Richard Collins (1) died in Epping in 1722.

Second generation

Sarah Collins (1), daughter of Richard Collins (1), married Henry Small at St James, Duke’s Place, London, on 12 May 1708. This time, the parish register is clear that both parties were from Epping. The Smalls had a number of children, of whom we can be sure about Richard (born 1711), Sarah (1713), Joshua (1722) and Mary (date unknown). The 1750 will of Henry Small, yeoman of Theydon Mount, is in the Essex County Archive.

John Collins (1) of Epping, son of Richard Collins (1), married Mary Archer of Theydon Garnon on 5 November 1722 at St Andrew Undershaft, London. Mary was the daughter of William Archer (1677 – 1739), who had been born William Eyre and inherited the substantial estate of Coopersale from John Archer on the condition that he marry Eleanor Wrottesley, John Archer’s niece, and take the Archer name. When Eleanor died without issue, William married Susanna, daughter of Sir John Newton, baronet, and I assume Mary was their daughter. According to one source William Archer ‘entered Parliament as a Tory at a by-election in 1734 and was returned unopposed later in that year, voting against the Government on the Spanish convention in 1739.’ We also learn that, as a result of his marriages, William and his family ‘were of considerable wealth; his daughter Susanna was said to have a fortune of £50,000 on her marriage in 1751 to Edward Harley, 4th Earl of Oxford.’
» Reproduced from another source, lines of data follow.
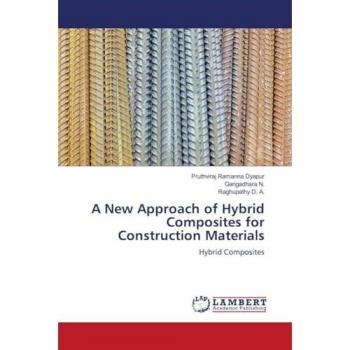A New Approach of Hybrid Composites for Construction Materials: Hybrid Composites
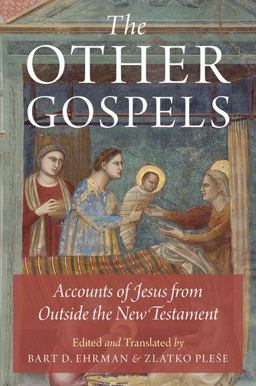 Other Gospels Accounts of Jesus from Outside the New Testament  9780199335220 Front Cover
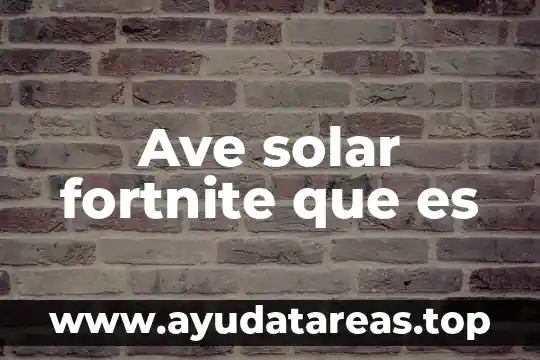 Que es un satelite del sistema solar nombre 5 Ave solar fortnite que es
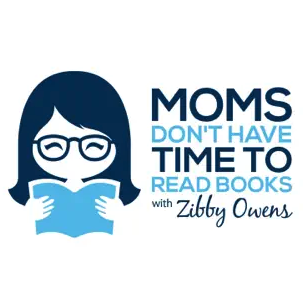 Moms Don’t Have Time to Read Books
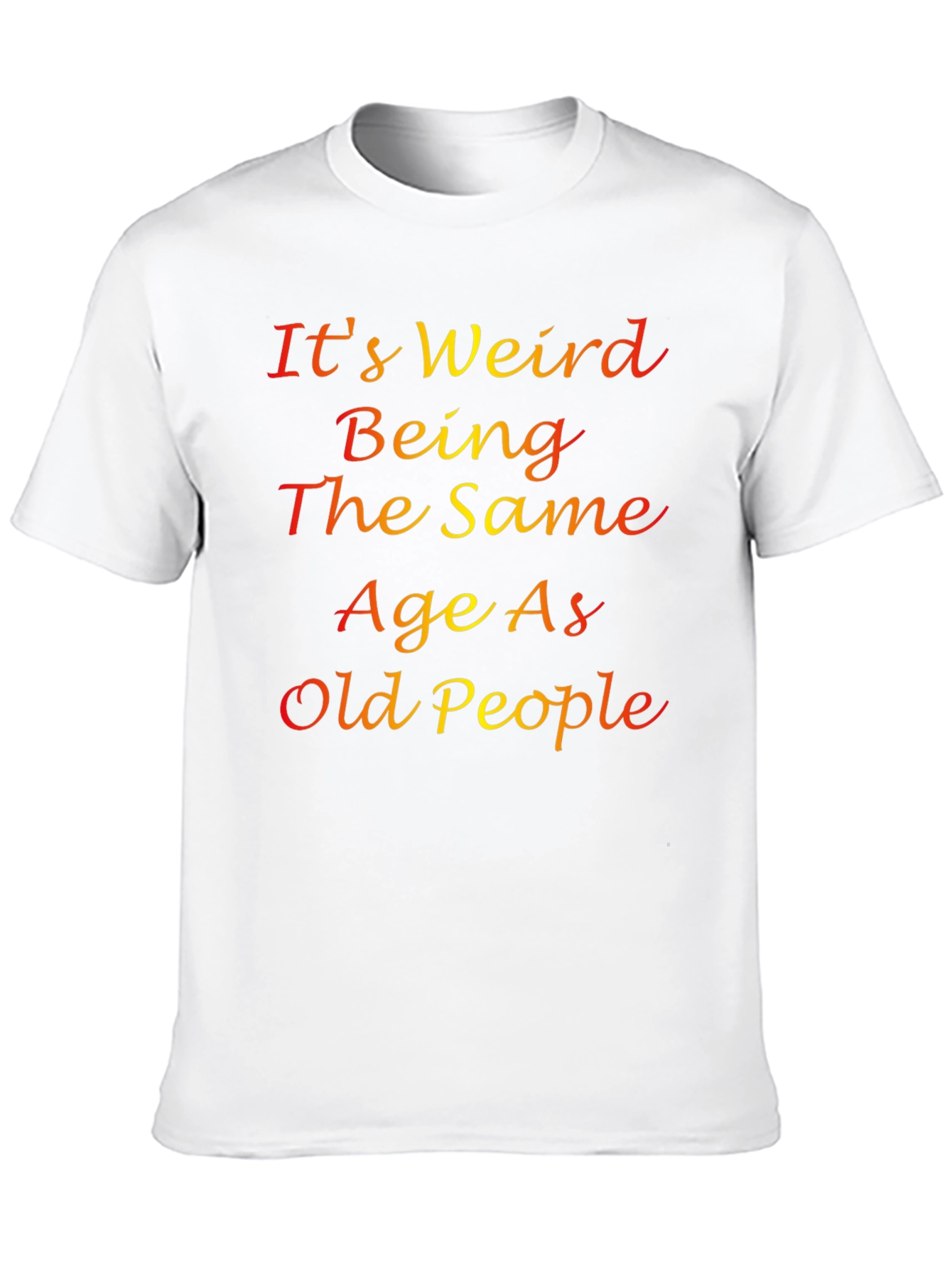 Its Weird Being The Same Age T-Shirt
Coopersale House, once home of the Archer family, in about 1958

John and Mary Collins would have a son Richard (3), the only child mentioned in his will. John Collins died in 1742. His will describes him as a ‘yeoman’ of Epping and leaves money and property to his wife Mary, son Richard, sister Sarah Small, and to his nephews, the sons of his brother Richard (2) (see below).

Elizabeth Collins (1), daughter of Richard Collins (1), remained a spinster and died in 1761. I discussed her will in an earlier post. In it she too left money and property (in Epping and North Weald Bassett) to her brother Richard’s children, and also to her cousin Susanna, wife of William Clarke, whose precise relationship to her I’ve yet to discern.

Richard Collins (2), son of Richard Collins (1), married Jane Stoker of Waltham Holy Cross at St Michael Paternoster Royal, London, on 6 April 1727. They had seven children, though not all of them survived into adulthood. They were: Richard (4) (born 1730), John (2) (1733, who would marry Elizabeth Gibson), Sarah (2) (1735), Elizabeth (2) (1737), William (1739), David (1740) and Jane (date unknown). Richard Collins (2) died in 1748. His will, which describes him as a ‘gentleman’, divides his considerable property between his three older sons, Richard, John and William, while also making provision for his younger children.

Third generation

As I noted in the previous post, Richard Collins (3), son of Richard Collins (2) and his wife Jane, married Ann Champain, daughter of John Champain, at St Peter, Cornhill, London, on 15 September 1747. They lived at Passmores House, Great Parndon and had at least two children: Ann, born in 1756, and Champain, date of birth unknown. Ann Collins married farmer William Lake. In 1778, Champain Collins was living at Passmores and could be found later living in North Weald Bassett, where he worked as a schoolmaster. Richard Collins died at Shenfield in 1770.

Sarah Collins (2), daughter of Richard Collins (2) and Jane, married a Mr Dillworth, about whom I’ve been unable to discover any further details. I’m not sure what became of William and his sister Elizabeth (2), except that both were major beneficiaries of the 1761 will of their aunt Elizabeth (1). Since David is not mentioned in that will, I presume he was no longer alive by this time.

St George's Chapel, Mayfair in the 18th century

John Collins (2) was married on 21 February 1753 at St George’s Chapel, Mayfair, to Elizabeth Gibson – my 5 x great grandmother, and the daughter of John and Mary Gibson of Tower Hill, London, and also of Woodredon House, Waltham Abbey. They had at least one child, a daughter Frances, born in Aldgate in 1759, so John must have died some time between that date and Elizabeth’s second marriage in 1763.